Nothing else could have stopped me in my tracks like those words. I railed against them internally while I spoke like a normal supe not breaking inside. Not thinking of the man who’d held me against the cold, the man my heart had stumbled for.
“No, Maks is not a Jinn.” He’d kissed me goodbye, he cared for me, he fought to help me survive. No Jinn would have helped a lion shifter like that.
“He is. He was trying to escape, but he needed my permission. The dragons already denied him, and, of course, his own father would never let him go.” She slid back to him and ran a hand into his hair, grabbing a handful of it. “Isn’t that right, Maks?”
His eyes swept to mine. “Zamira, this isn’t how it looks.”
The urge to vomit rolled through me so strong, I could barely hang onto standing upright. “I swore I’d help you escape this wall,” I said softly. “And I, at least, keep to my word.” He hadn’t come back for me at all. He’d come to speak to the witch, to beg her for safe passage.
“Remove the curse from her, Jinn.”
“I can’t,” he said. “It would kill her to remove it now.”
The Ice Witch laughed. “Perfect then. I said remove it, slave!”
Maks’s head bowed to the ground and he shook all over, fighting whatever spell held him.
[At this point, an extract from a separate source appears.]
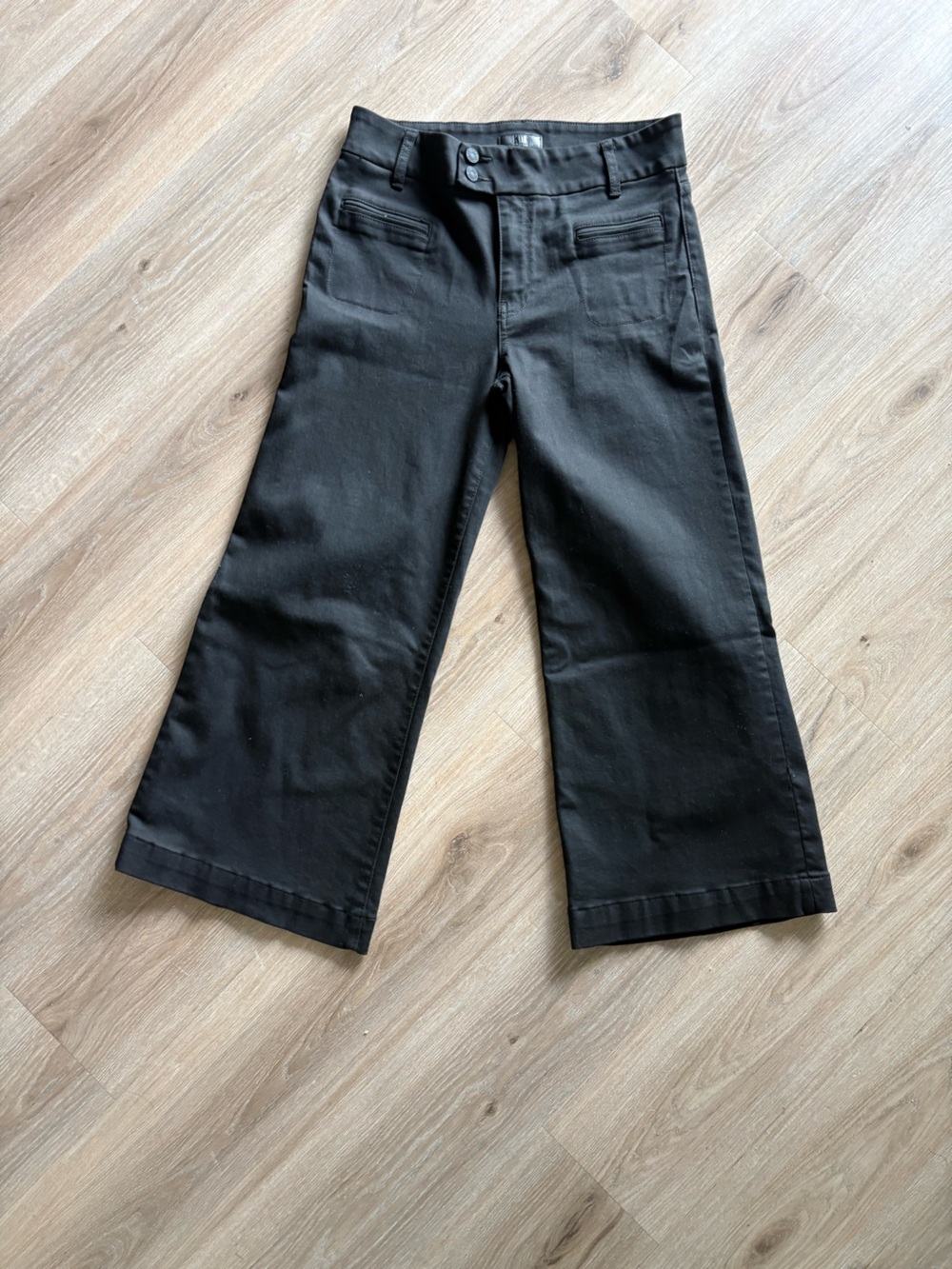 Kut from the Kloth Meg wide leg Black crop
Lila shot forward but the Ice Witch flicked her fingers at the tiny dragon and a shot of ice slammed into her form, sending her tumbling over and over through the air until she hammered against the wall.
I had to do something and fast, or we were all going to die. “You’re a fucking coward.”
The Ice Witch spun to face me. “You are a fool.”
“A coward and a weak-willed witch who has others do her dirty work. You can’t even kill me by yourself. You have to use a Jinn to do it? What kind of witch are you? A weak, silly girl who found a spell book, I bet. I bet you didn’t even come from a long line of witches. At least, I’ve got that going for me. I might not look like a lion, but I’ve got the blood in my veins to prove it.”